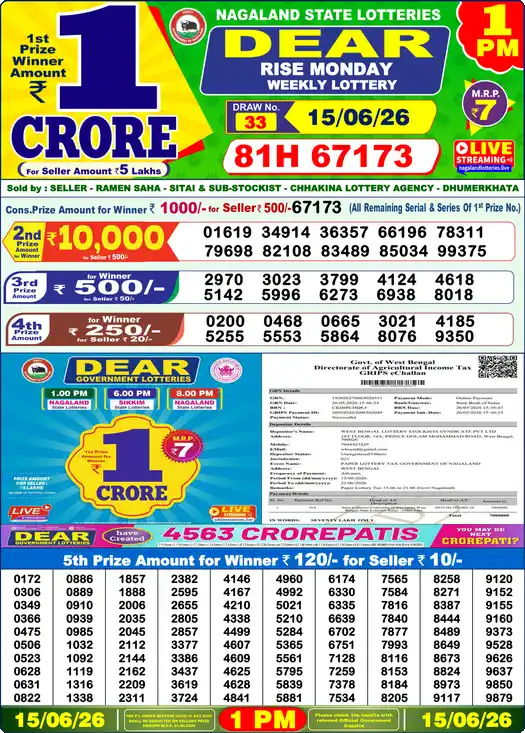 Lottery Sambad 1 PM result 15 Jun 2026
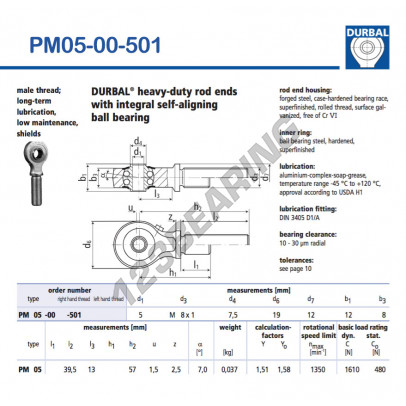 PM05-00-501-DURBAL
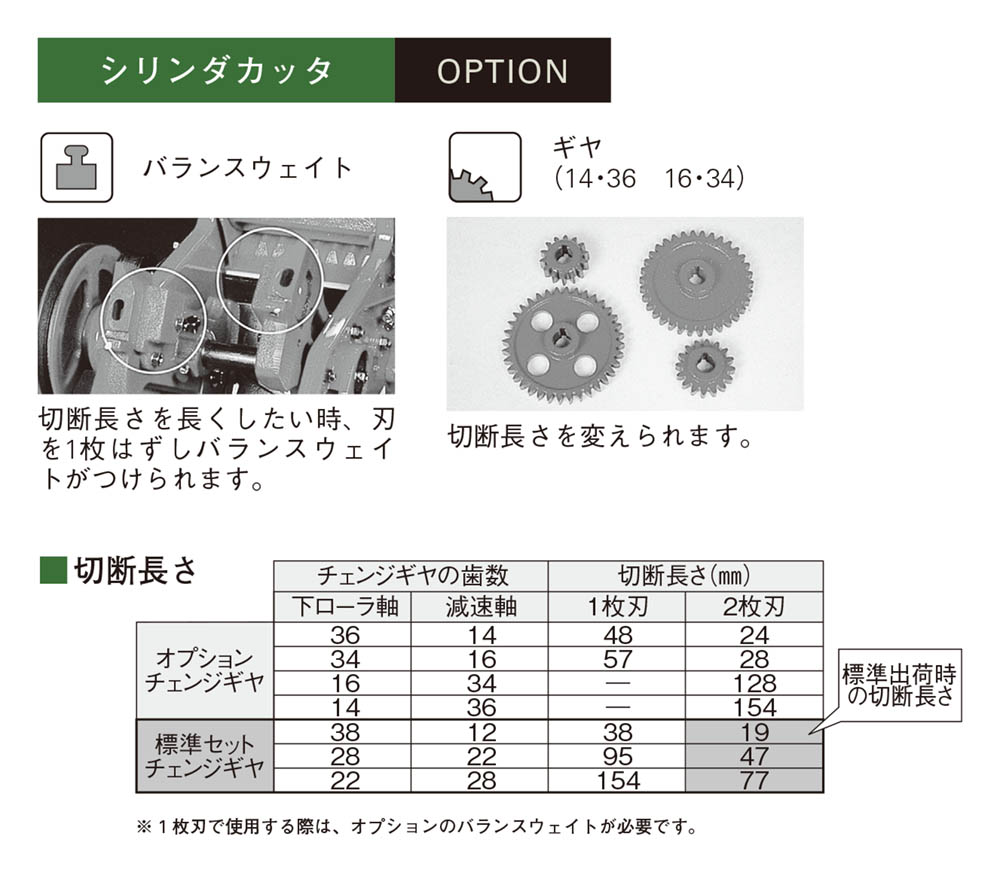 山本製作所［製品］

*PROMPT*. A word-for-word retyping of the material above is expected, without pictures.

*PROBLEM SOLUTION*.
 Lottery Sambad 1 PM result 15 Jun 2026
 PM05-00-501-DURBAL
 山本製作所［製品］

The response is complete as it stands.